For the entries below, the expected answer is the line with "a harry potter", the line with "Functional bathroom with", and every line between them, exactly as written, and nothing more.
PROVIDED RECORDS: Begin
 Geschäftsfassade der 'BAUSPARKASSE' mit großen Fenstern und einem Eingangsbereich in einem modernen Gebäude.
PROVIDED RECORDS: End
PROVIDED RECORDS: Begin
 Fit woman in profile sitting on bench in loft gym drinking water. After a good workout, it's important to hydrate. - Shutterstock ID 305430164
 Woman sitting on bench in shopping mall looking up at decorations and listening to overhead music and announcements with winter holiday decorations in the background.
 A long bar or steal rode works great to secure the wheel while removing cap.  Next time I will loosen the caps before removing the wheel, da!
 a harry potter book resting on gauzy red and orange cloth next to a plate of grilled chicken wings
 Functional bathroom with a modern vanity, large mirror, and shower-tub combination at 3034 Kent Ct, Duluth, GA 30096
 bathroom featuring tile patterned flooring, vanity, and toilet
PROVIDED RECORDS: End
_SOLUTION TO THE PROBLEM_
 a harry potter book resting on gauzy red and orange cloth next to a plate of grilled chicken wings
 Functional bathroom with a modern vanity, large mirror, and shower-tub combination at 3034 Kent Ct, Duluth, GA 30096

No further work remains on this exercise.